The budget process begins and ends with a detailed and organized system that projects annual spending in various categories and then uses these spending amounts to determine the amount of revenue needed to pay for the spending, leaving enough at the end of the year for a profit.
The first part of a budget you’ll need to determine is direct costs, which are expenses specifically related to projects completed by the company. It includes materials, labor and subcontractors, if any; it also includes the rental of any equipment that might be required to complete the projects.
One of the most difficult concepts for new contractor-owners to grasp is the true cost of labor. An employee earning $10 per hour actually costs their employer much more than that. In addition to the hourly wage, the employer incurs costs in the following categories:
- Social Security and Medicare taxes
- Unemployment taxes, both federal and state
- Workers’ compensation insurance
- General liability
- Paid holidays and vacations; sick days
- Health insurance premiums
When you combine these costs, which we call the “labor burden,” you’ll get a truer picture of your actual cost of doing business.

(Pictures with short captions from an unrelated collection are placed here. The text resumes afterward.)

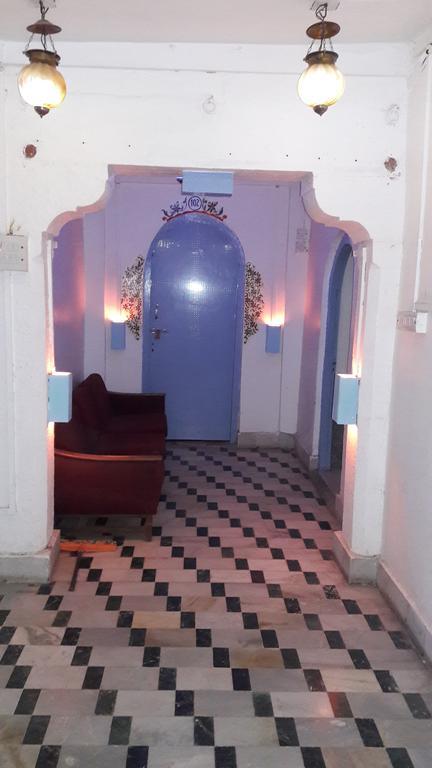 Bed And Breakfast Clock Tower Haveli Dzsódhpur Kültér fotó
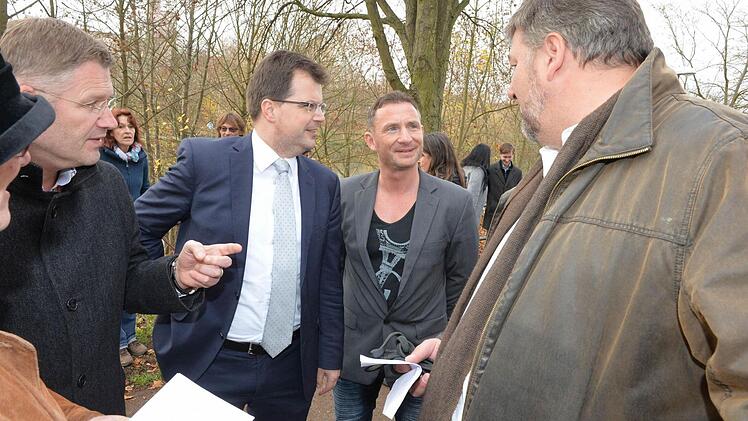 Foto: Ronald Rinklef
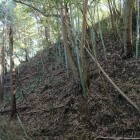 切岸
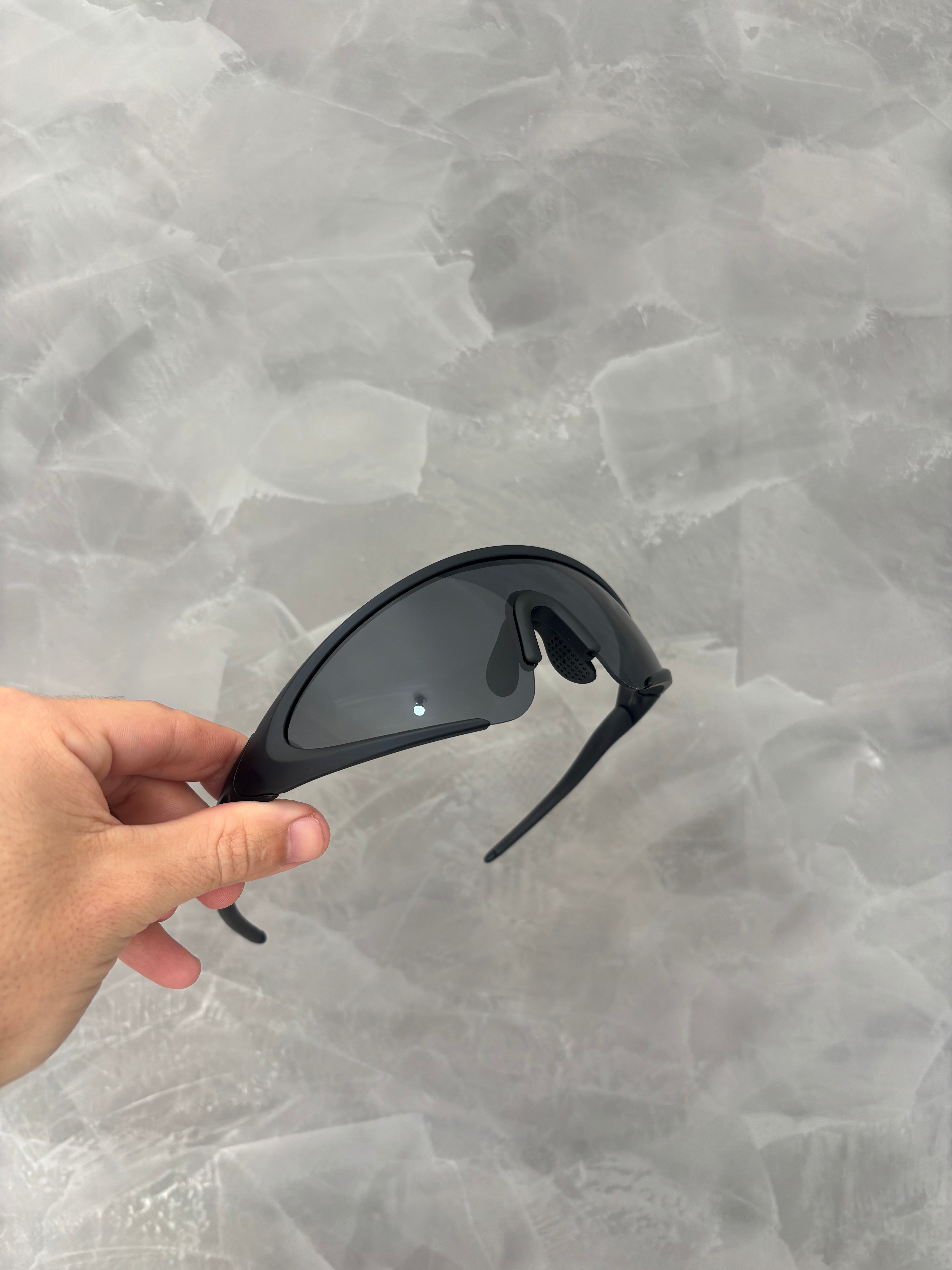 Óculos Ellipse Black
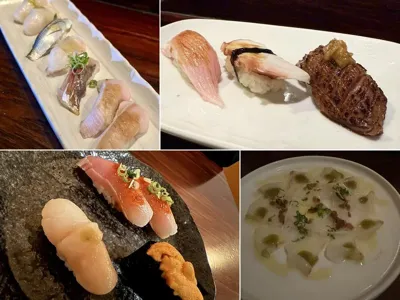 Jinpachi, business photo 1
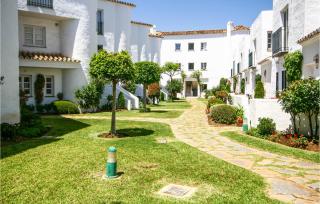1 Bedroom Nice Apartment In Mijas Costa - Mijas - 2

Every business has costs that it incurs regardless of the level of business activity. These are amounts due on a regular basis and are fairly constant from one year to the next when adjusted for inflation. Fixed costs include expenditures for items such as:
- Officer and office salaries
- Interest expense
- Rent and utilities
- Telephone service
- Advertising and marketing
- Ban payments
- Capital equipment fund
The third category of spending is called variable expenses because items here usually change in real terms, or dollar amounts, as the level of business activity increases. In addition, they tend to remain about the same percentage of direct costs. In other words, if direct costs increase from one year to the next by 15 percent, it is likely that as a group variable costs will also rise approximately 15 percent. An example of variable costs is the cost of travel expenses. When business activity increases, a company is more likely to have employees travel to more work locations for client meetings as well as work on the job. Other items we also include in variable costs are:
- Vehicle maintenance and repairs
- Office expenses
- Office supplies
- Employee incentive or bonus pay
- Advertising and marketing
- Small tools; hardware
- Salesperson salaries and commissions
Well, now what? Direct costs, fixed costs, and variable costs are identified as the major components of a budget. This is all well and good, but what does it tell you, and how can you benefit from the knowledge gained from compiling these budget numbers? First it’s a valuable exercise that forces a business owner to correctly identify all of the costs of doing business. But more importantly, you can use the information to assist in setting prices for your products and services. Now that you’ve identified three categories of spending, the next step is to combine two of them and give them a new name. Each will keep its own identity, but they work together to make what is called “overhead,” which is the ongoing general and administrative expenses that are not directly related to the selling of a company’s goods and services. To that end, you’ll combine fixed costs and variable costs to calculate total overhead expense.
The break-even point is the point at which you are now covering your expenses with income. It’s important to know how much you will need in business to break even and recognize when you have reached that point. It often takes businesses a number of years before they show a profit; this is the turning point.